DES MOINES, IOWA: Shares of Meredith Corp. slipped today even as the company posted strong fiscal second-quarter results. Shares (NYSE: MDP) dropped from more than $33.50 at the end of yesterday’s trading day to around $34.22 today on the company’s fiscal 3Q forecast.
Meredith turned in earnings per share of 88 cents, a record high for a second quarter and at the top end of analyst expectations. EPS for the year-ago quarter was 41 cents. Meredith predicted 60 to 65 cents for F3Q11, below the Street’s consensus target of 67 cents.

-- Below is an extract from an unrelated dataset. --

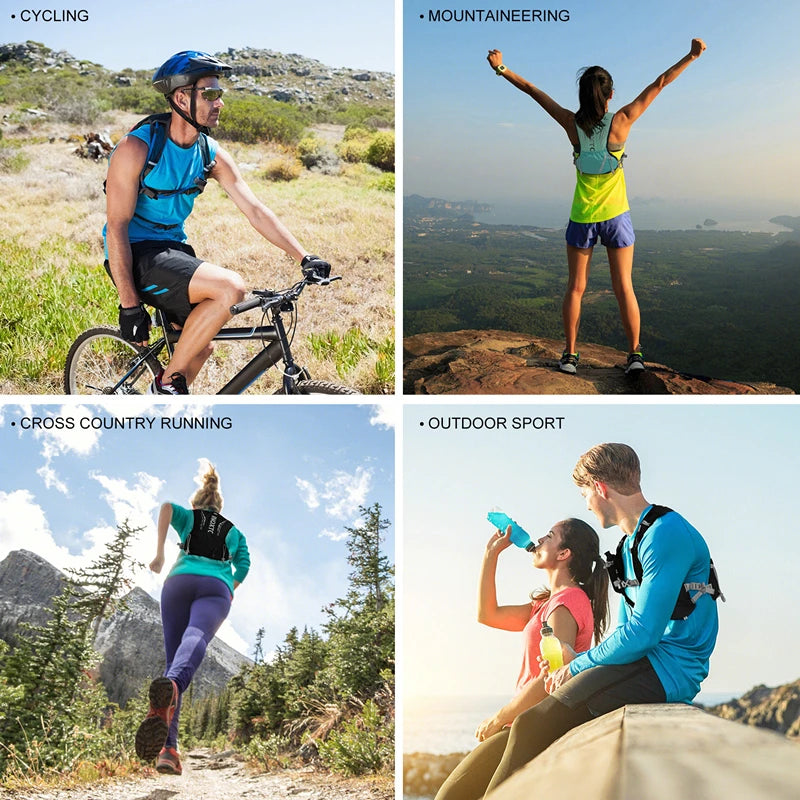 5L Ultraleichter Trinkrucksack – Atmungsaktive Joggingweste für Trailrunning, Marathon und Radfahren mit 500ML Wasserflasche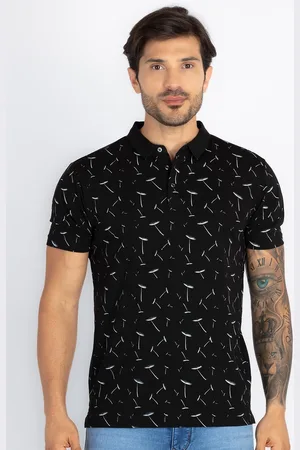 Status Quo Men Printed Polo Collar Pure Cotton Pockets T-shirt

The company was cautious on the upcoming quarter because magazine advertising is tracking downward and non-political TV ad sales are “volatile on a week-to-week basis across markets and categories.”
Meredith’s 12 TV stations and its production studio logged operating profit of $39 million on revenues of $97 million. The figures were up 129 percent and 30 percent respectively from F3Q10. Net political revenues were $22 million. Non-political revenues were $69 million, up 3 percent from a year ago.
Consolidated revenues rose 9 percent to $367 million. Profit jumped 114 percent to $40.6 million. Meredith continues to expect fiscal 2011 full year earnings per share to range from $2.60 to $2.80, which would represent a 15 to 25 percent increase over fiscal 2010.